AIM OF THE EXERCISE:
The listing below is to be duplicated exactly, with every picture omitted.

RECORDS PROVIDED:
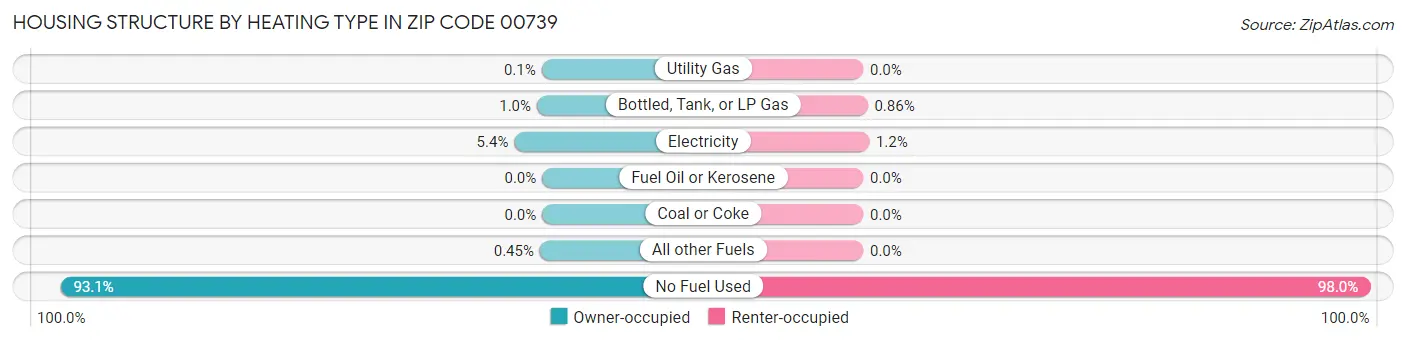 Housing Structure by Heating Type in Zip Code 00739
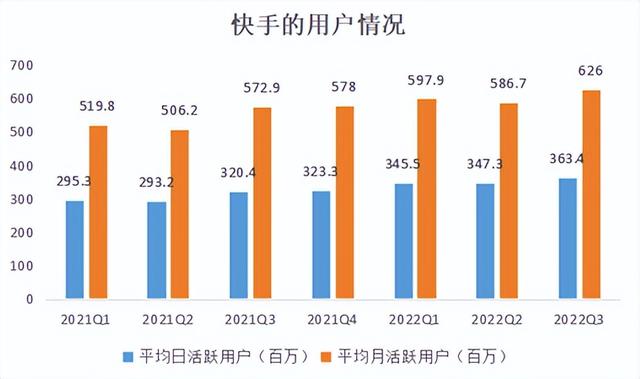 快手业务24小时低价下单网址——快速、实惠的购物新体验  第1张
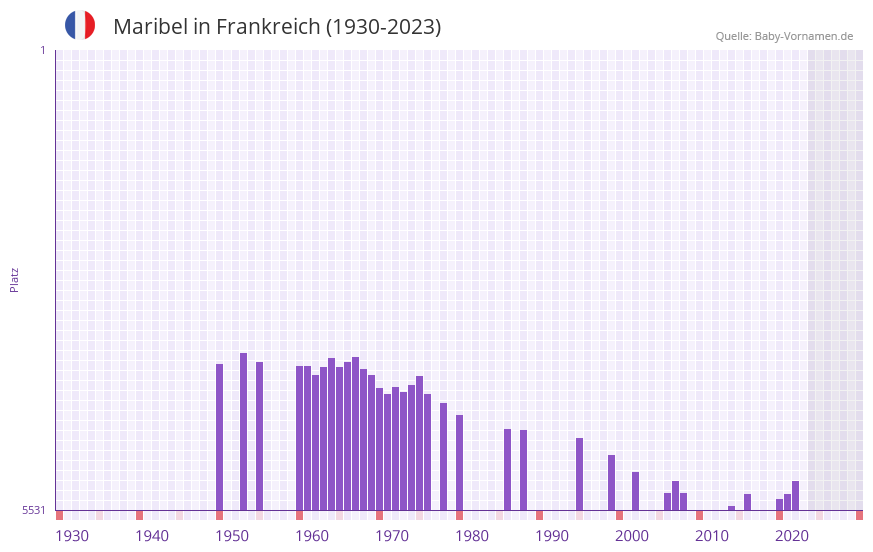 Maribel in der Vornamen-Hitliste von Frankreich (1930-2023)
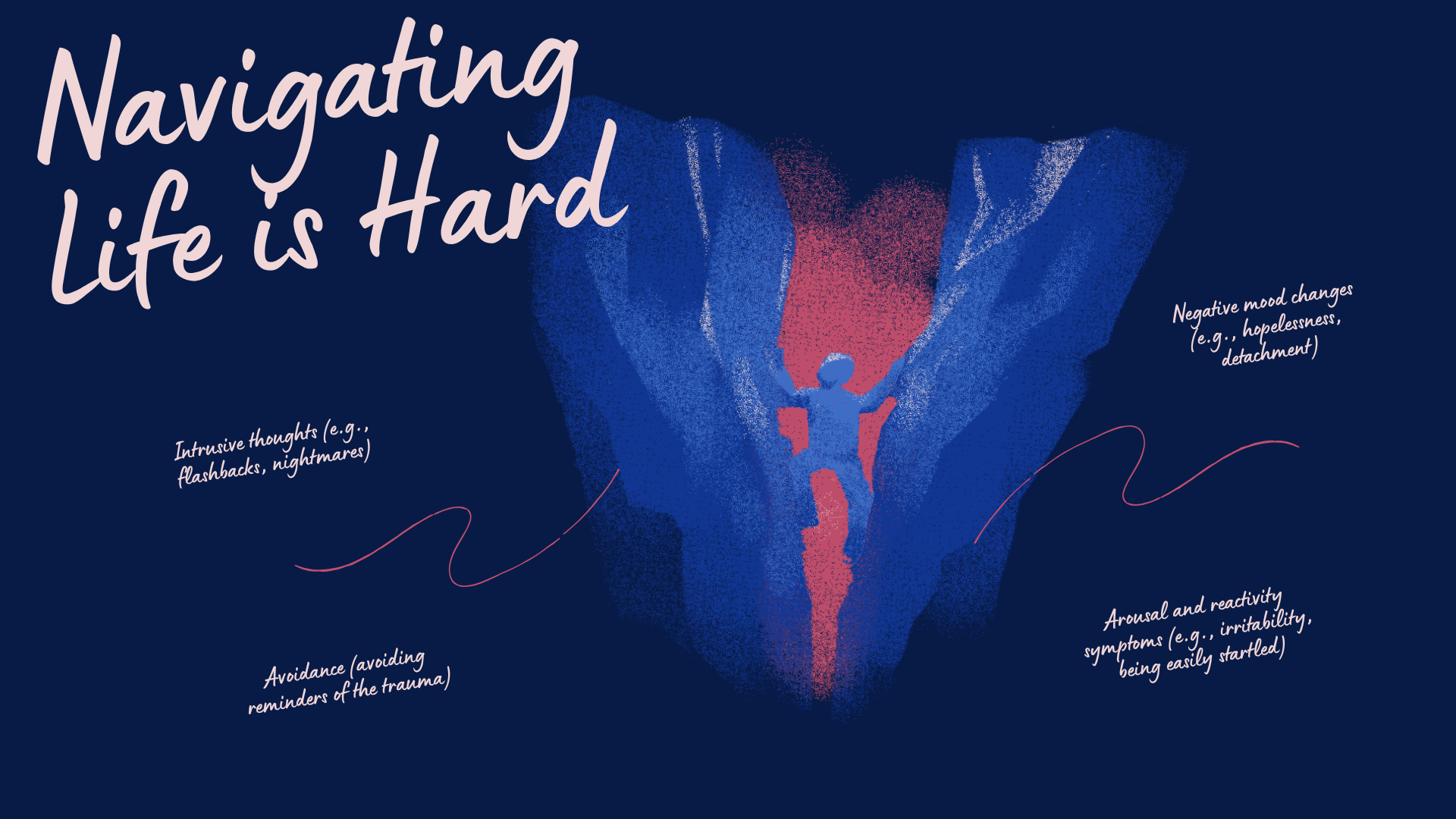 Digital illustration titled 'Navigating Life is Hard' showing a silhouette of a person with outstretched arms inside a stylized heart. Surrounding text highlights emotional struggles: intrusive thoughts, avoidance, negative mood changes, and arousal/reactivity symptoms.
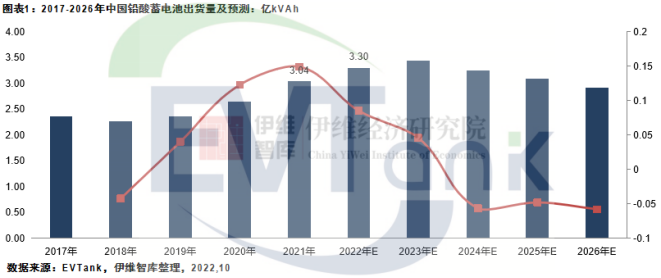 2021年中國鉛酸蓄電池出貨量首超3億KVAh 占全球市場份額42%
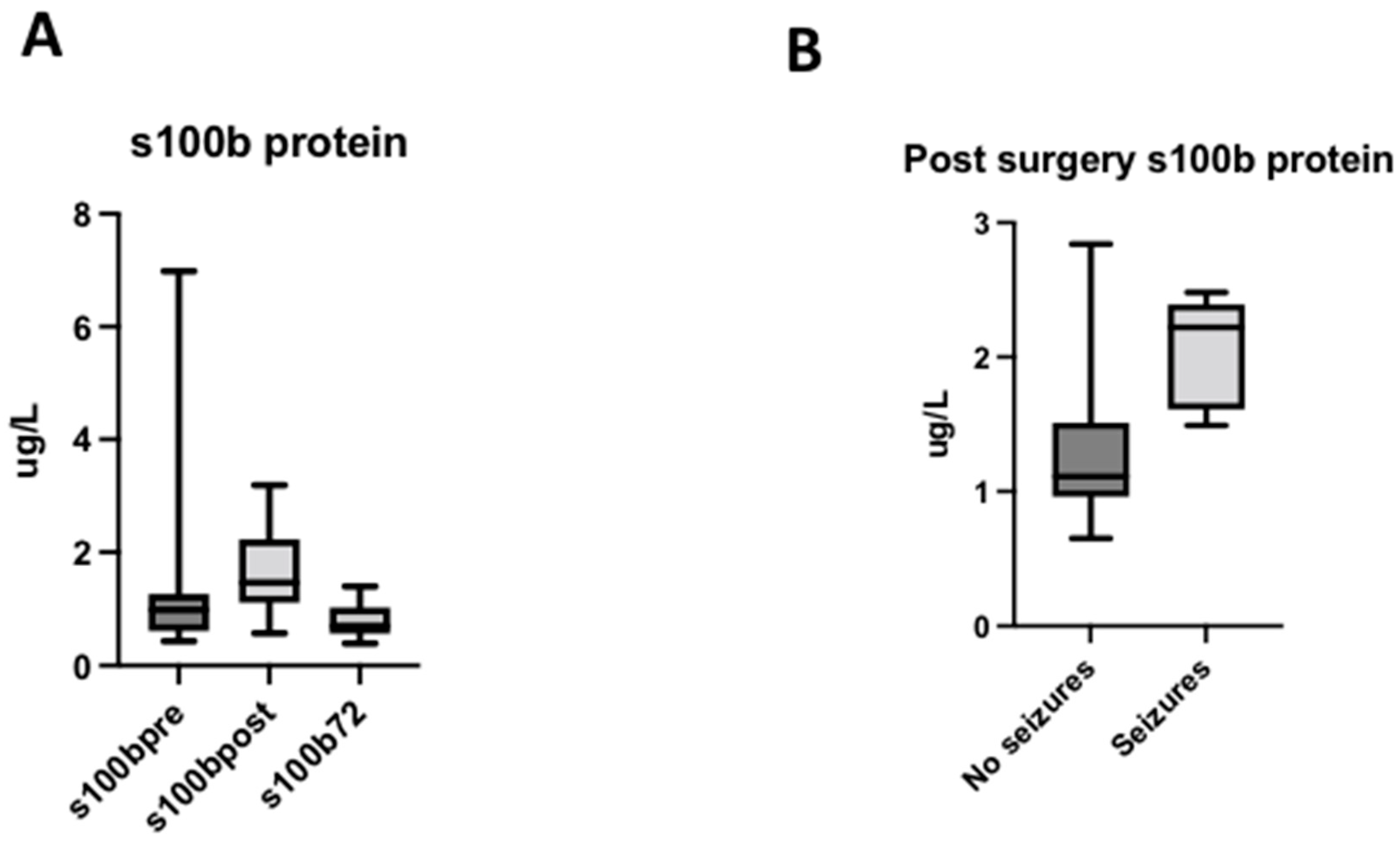 Antioxidants 11 00489 g003 Antioxidants 11 00489 g003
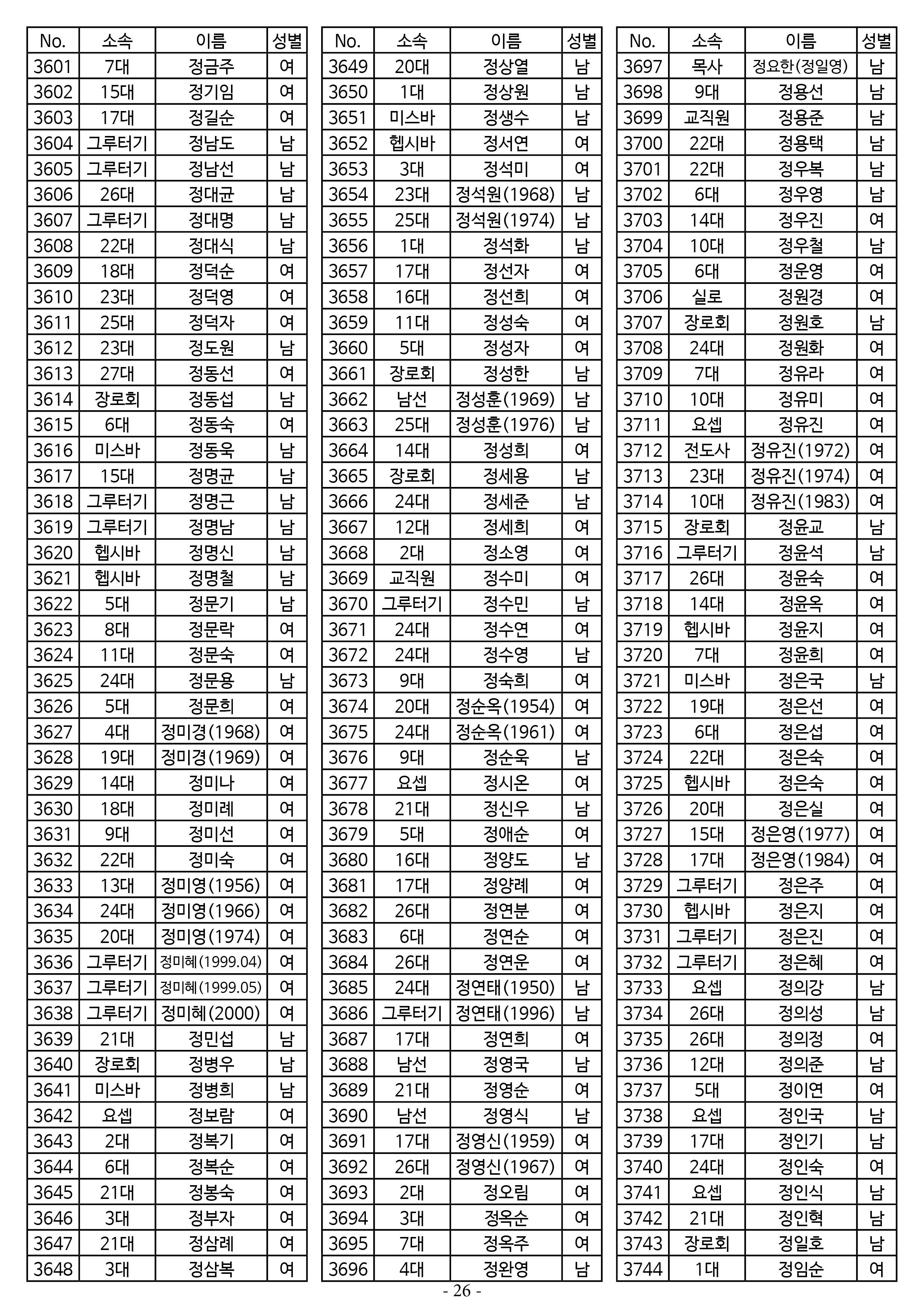 26년도 7월 공동의회 명부26.jpg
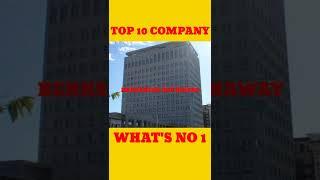 TOP 10 COMPANY IN THE WORLD 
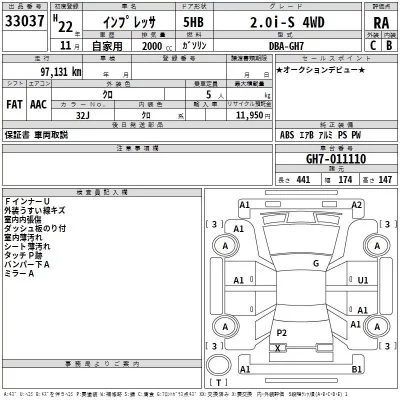 Subaru IMPREZA  с аукциона в Японии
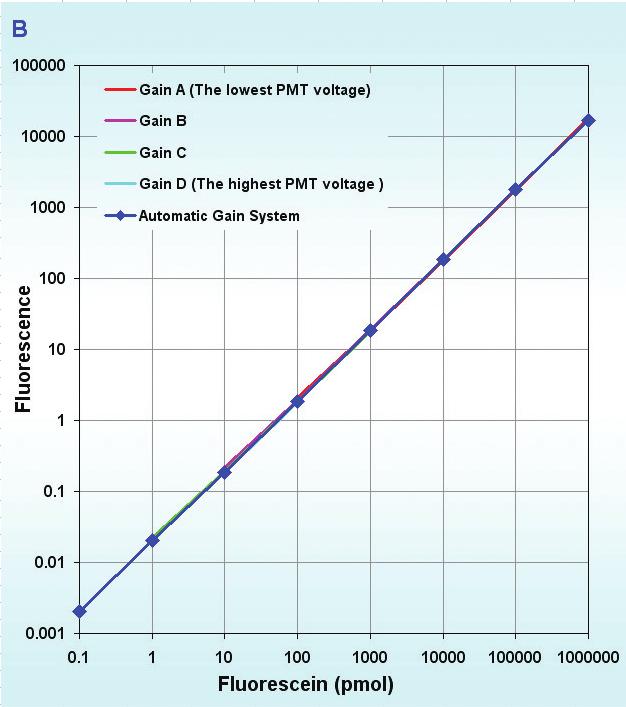 Each PMT gain selection gives its typical about three decades linear dynamic range and same PMT signal response is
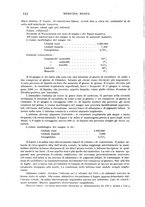 giornale/CFI0358174/1936/unico/00000130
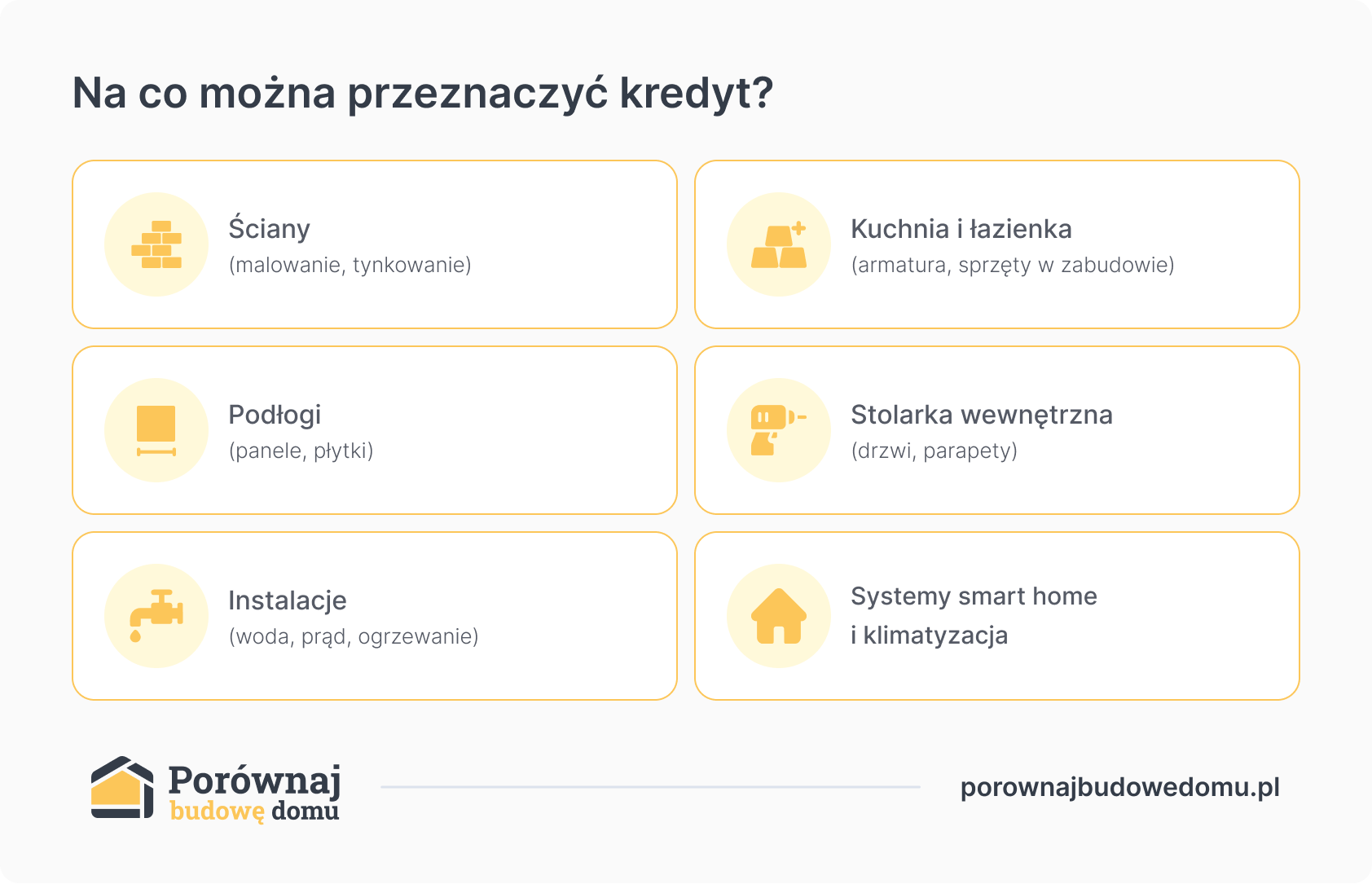 na co można przeznaczyć kredyt na wykończenie domu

TASK RESULT:
 Housing Structure by Heating Type in Zip Code 00739
 快手业务24小时低价下单网址——快速、实惠的购物新体验  第1张
 Maribel in der Vornamen-Hitliste von Frankreich (1930-2023)
 Digital illustration titled 'Navigating Life is Hard' showing a silhouette of a person with outstretched arms inside a stylized heart. Surrounding text highlights emotional struggles: intrusive thoughts, avoidance, negative mood changes, and arousal/reactivity symptoms.
 2021年中國鉛酸蓄電池出貨量首超3億KVAh 占全球市場份額42%
 Antioxidants 11 00489 g003 Antioxidants 11 00489 g003
 26년도 7월 공동의회 명부26.jpg
 TOP 10 COMPANY IN THE WORLD 
 Subaru IMPREZA  с аукциона в Японии
 Each PMT gain selection gives its typical about three decades linear dynamic range and same PMT signal response is
 giornale/CFI0358174/1936/unico/00000130
 na co można przeznaczyć kredyt na wykończenie domu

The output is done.